Some of those Cantillon's feel like they are peeling the enamel off your teeth! 
Had the "rose de gambrinus" last week, phew thats sour.....but in a good way


----------



## Jase71 (3/12/08)

This store is also at North Strathfield, on Concord Rd - which is actually my local  Both stores owned by the same family, and the guy responsible for bringing the beers in (Adam - one of the sons) is always up for a chat about beer. he alternates between both stores too.


----------



## brendanos (3/12/08)

neonmeate said:


> woohoo mikkeller and nogne o are amazing



!!


----------



## fingolfin (3/12/08)

For anyone in Newcastle, there are a fair few left at Warners at the Bay cellars.
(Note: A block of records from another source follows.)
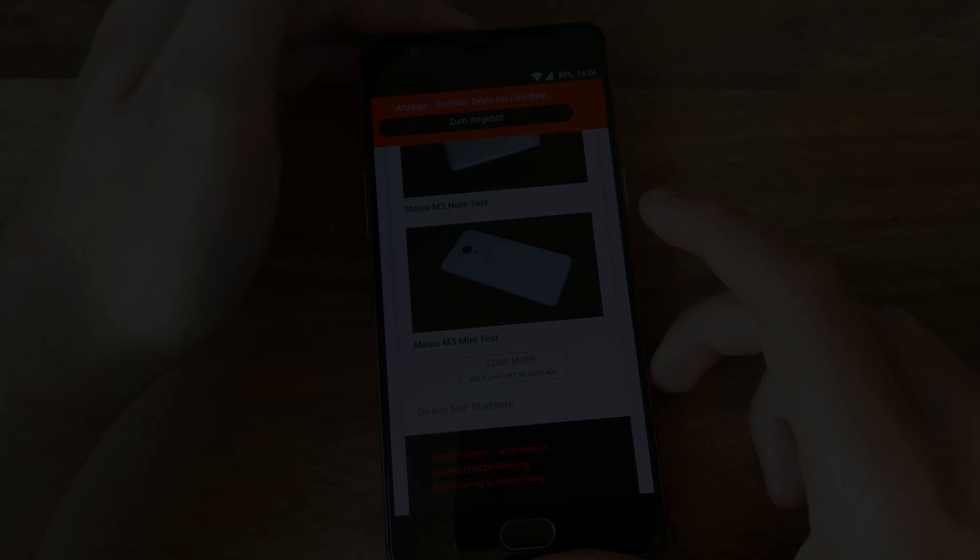Our final verdict: whoever is looking for the phone with the best price-to-performance ratio, look no further. The OnePlus 3 is unbeatable when taking into account that it's available locally in many countries without import hassle and fees. It's probably the best phone money can buy with a sub-$400 price tag in a lot of countries. We don't regret the purchase for a second, and it definitely is a keeper at least until the end of the year.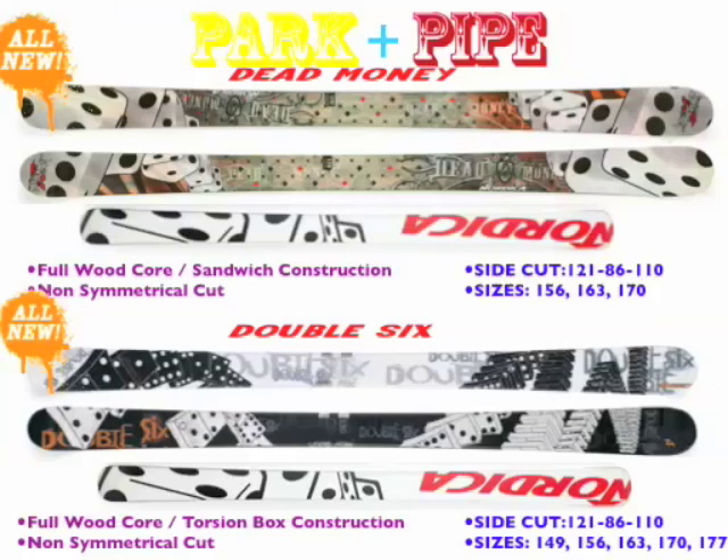Our entry price point into the Park and Pipe collection is the Double Six, but don't be fooled — this is a great ski. It has a full woodcore, edge to edge. You go to a torsion box construction, which is a durable construction, a little less susceptible to being dinged up from edges. It's a non-symmetrical cut, because it has a bigger tip than a tail, which gives you a better skiing experience outside of the park, and it comes in sizes 149 all the way up to 177.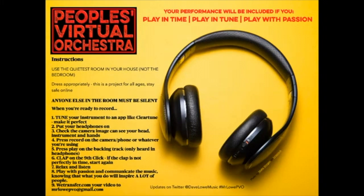Number six: clap on the ninth click — if the clap is not perfectly in time, start again. The reason I do that is so when you send me your videos I can line them all up together — you're like a human clapperboard. Number seven: relax and listen. Number eight: play with passion and communicate the music, knowing that what you do will inspire a lot of people all over the world. Number nine: send your video via WeTransfer to the email address provided.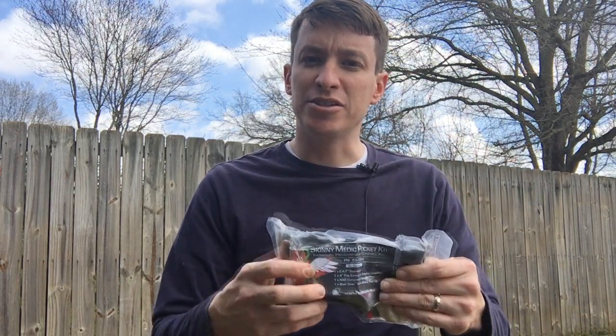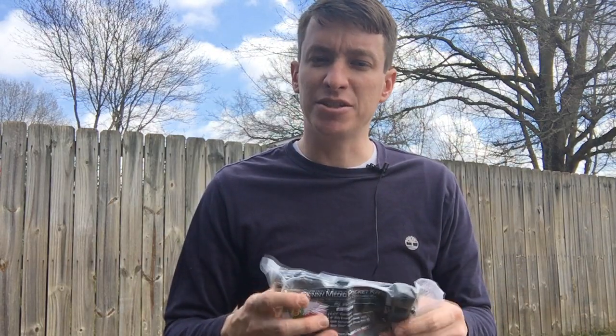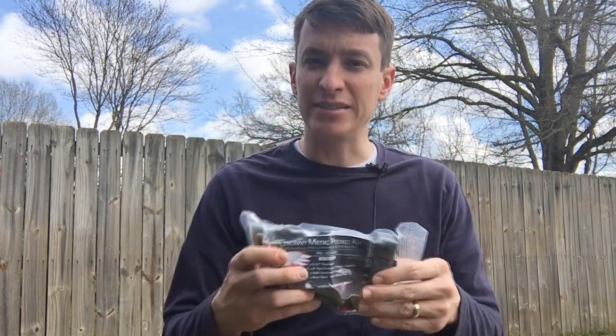Hey, welcome to another video from Skinny Medic. I have the Skinny Medic Pocket Kit here. This is a partnership I did with North American Rescue to come out with a really cool kit that you can carry on a daily basis as part of your EDC to have a trauma kit, because you never know when you'll be the first responder.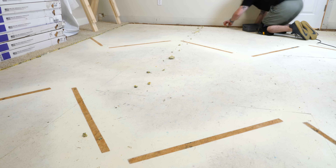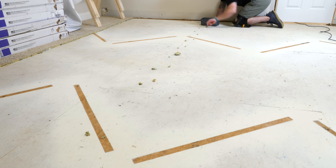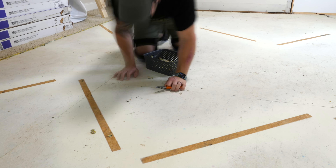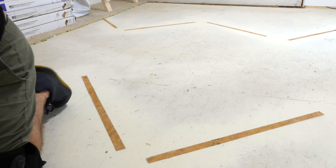Next I went ahead and removed all the staples. I've found that diagonal pliers are just about the quickest way to remove these while making sure you've thoroughly removed all of them. I was super lucky in that the carpet installers only added staples around the perimeter of the room and along the seams of the carpet pad.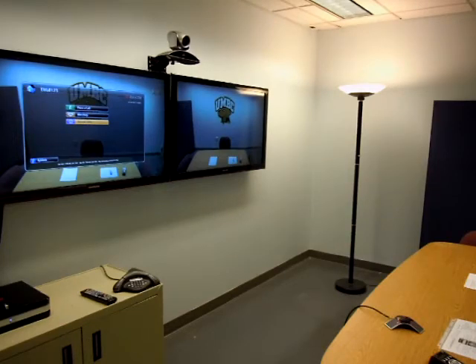This is a quick video on how to place a video conference call using our new Polycom systems. First, make sure that the displays are on in the room. You can use the remote down there to turn those on.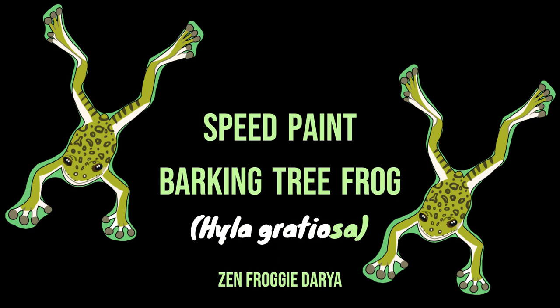Hi froggy friends! Let's hop right into this speed painting of a barking tree frog, whose name comes from the uncanny barking sound of the male's call.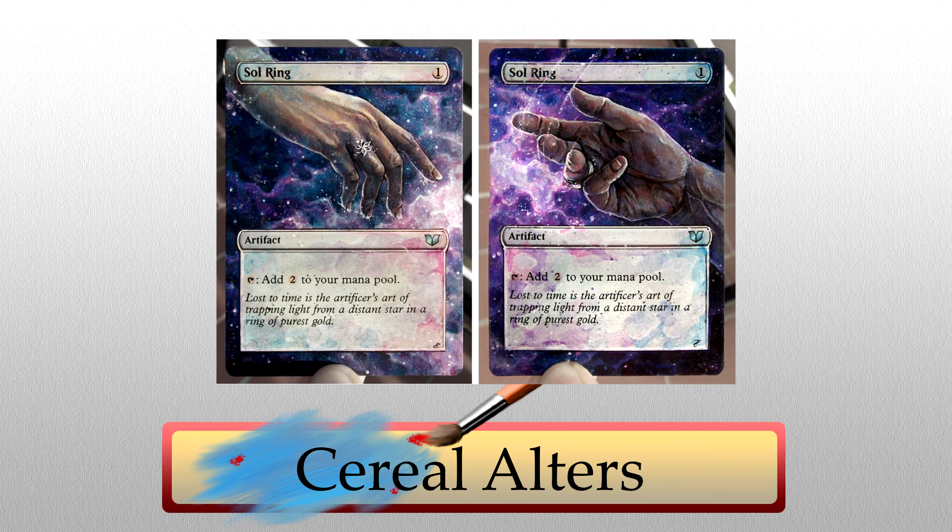We'll begin with Serial Altars and this breathtaking pair of Saw Rings. Wow, it was the background purples and pinks that first caught my eye, but that hand detail is beyond impressive — and they're a set with two hands reaching out, which is so cute. The contours along the fingers, on the palm, the wrists — this is some exquisite shadow work. I haven't seen hands like these in a while. Serial Altars is really pushing the envelope with realism here. Beautiful pair of cards that go quite well as a set.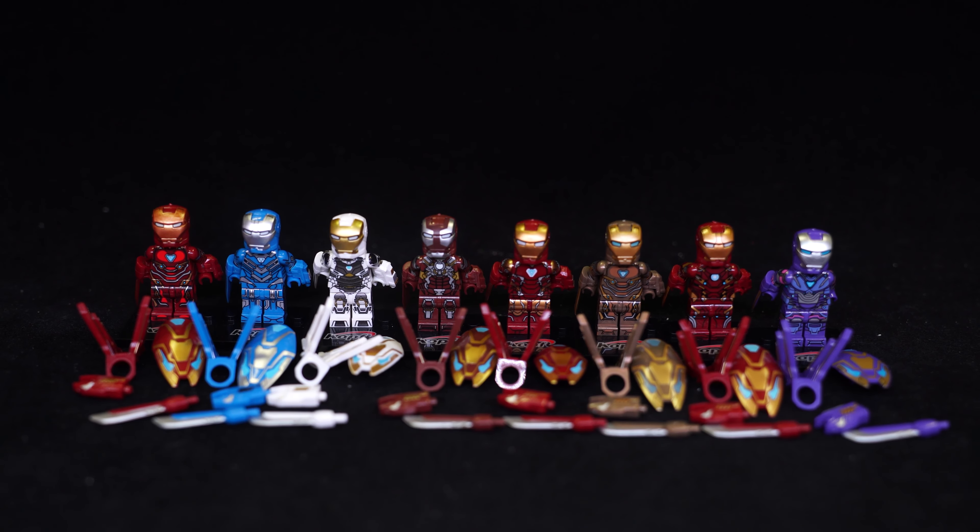Hello and welcome to another LEGO bootleg knockoff review. Today we're looking at set number KF6093, containing figures KF1175 all the way to 1182.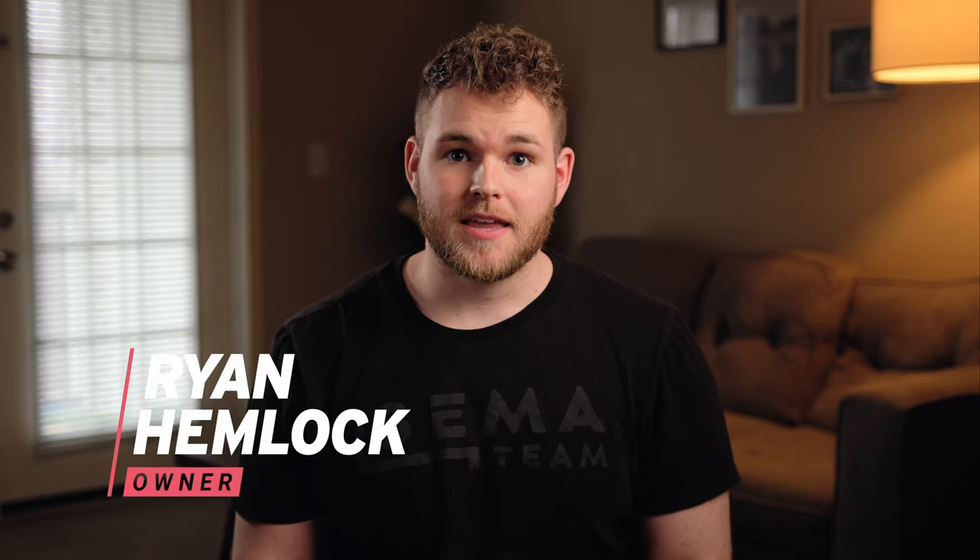Hey guys, my name is Ryan. Right now I'm shooting on a $5,000 setup and my goal in this video is to help you achieve similar results using only your iPhone.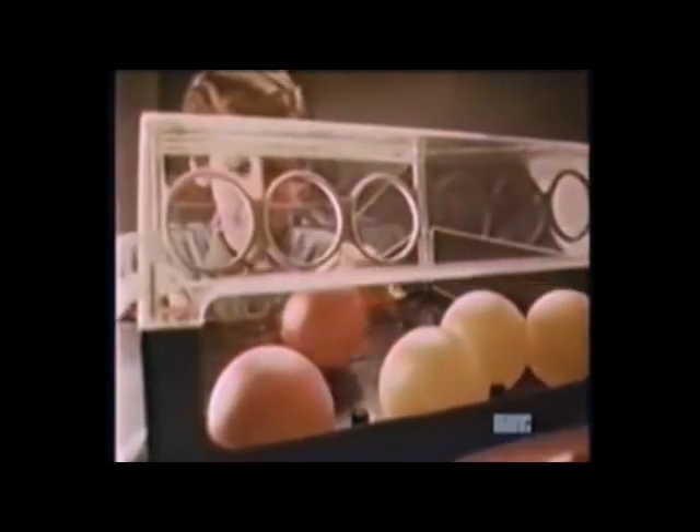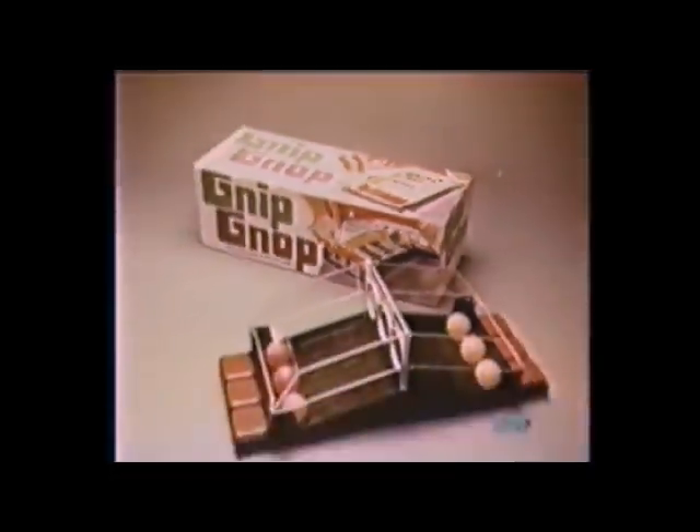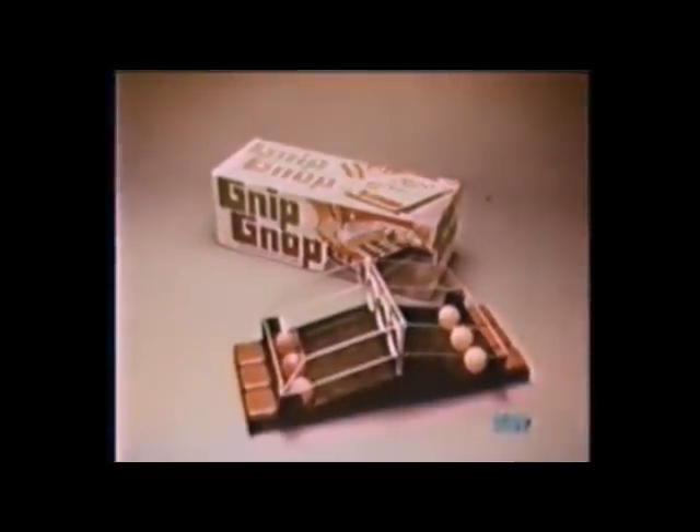So gnip down to your store and grab the new game from Parker Brothers before they're all gnopped. From Parker Brothers, Gnip Gnop.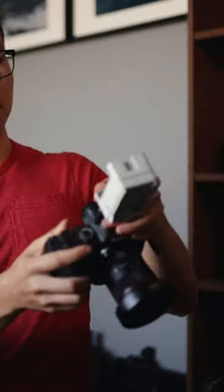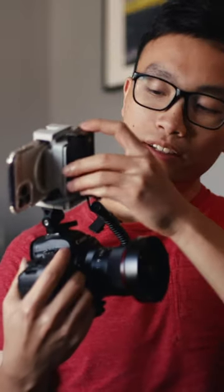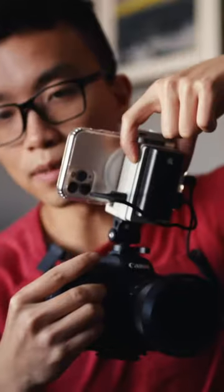Grab your camera and slide the CMO on top of it. Using a friction mount, lock it onto the hot shoe and pull the mount open until it clicks, then put your phone right on there. Slap a Sony NPF battery on and turn on the CMO.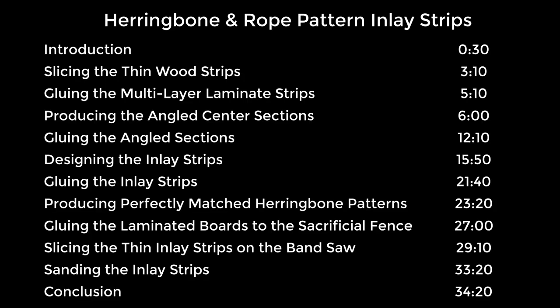In this video we will describe how we produce these 17 herringbone and rope design inlay strips. This video is a little longer than many of my other videos since I cover a lot of different techniques and design ideas. Therefore I am listing an outline of the various sections in this video should you choose to advance to a particular section.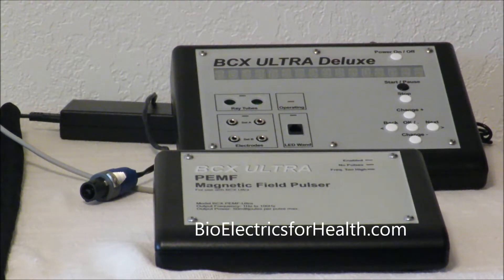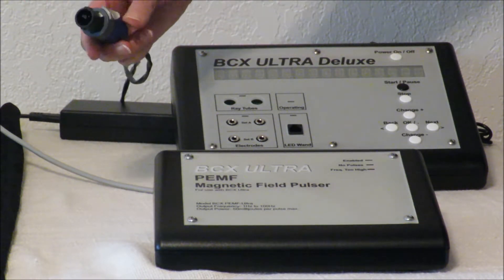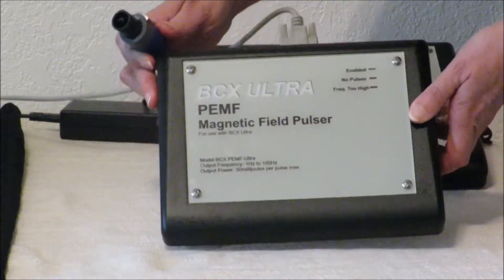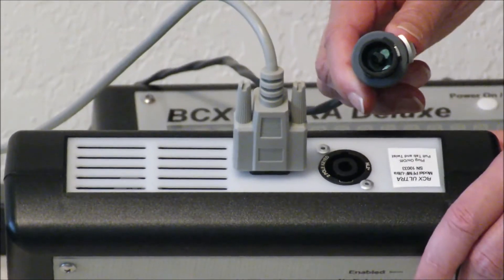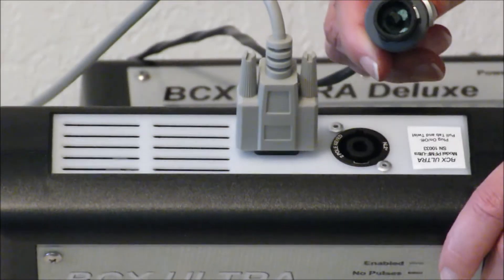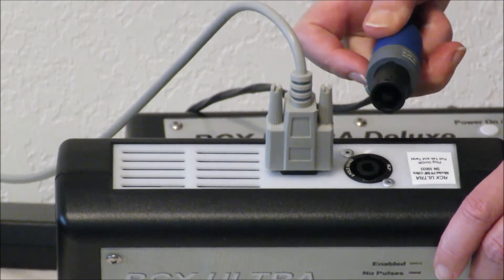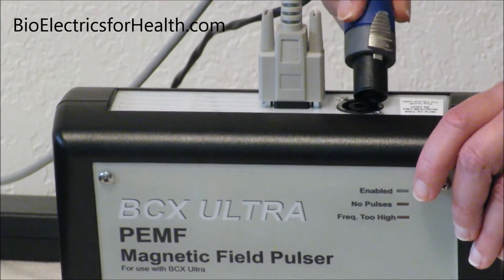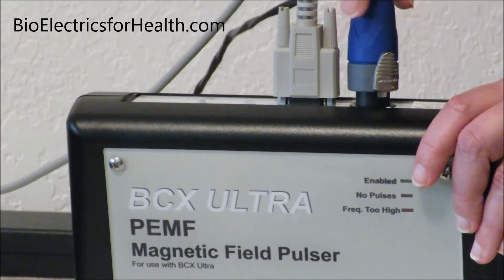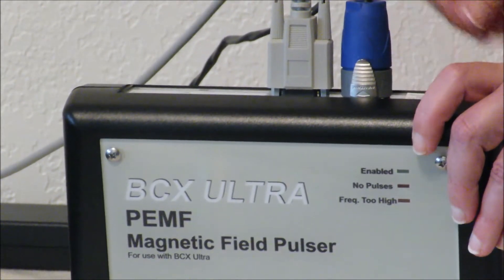Now we are going to hook the mat into the magnetic pulsar unit with this round cord and round fitting. There is a round plug that plugs into the back of the magnetic pulsar — it is the only round receptacle. There are little notches that you must line up to get it plugged in. You line up the little notches and push it in firmly, then you turn slightly and you hear the click. Make sure it's very nice and tight.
They have most of the imperial / XS bottles for $32.00 each. There were only 5 or 5 versions of the 650ml bottles in stock, but the storeman said most of the others should be coming in soon. I even gave him my number to call me when they get there.

We flew to Melbourne to get all the Rogue (well not only for this, but it was one of the main reasons) we could get our hands on, and then when I was back in Newcastle MHB told me they were here too, I went the next day and ended up buying all the XS versions I could get me hands on and a bunch of other beers, spent $250.00 easily, oops.


----------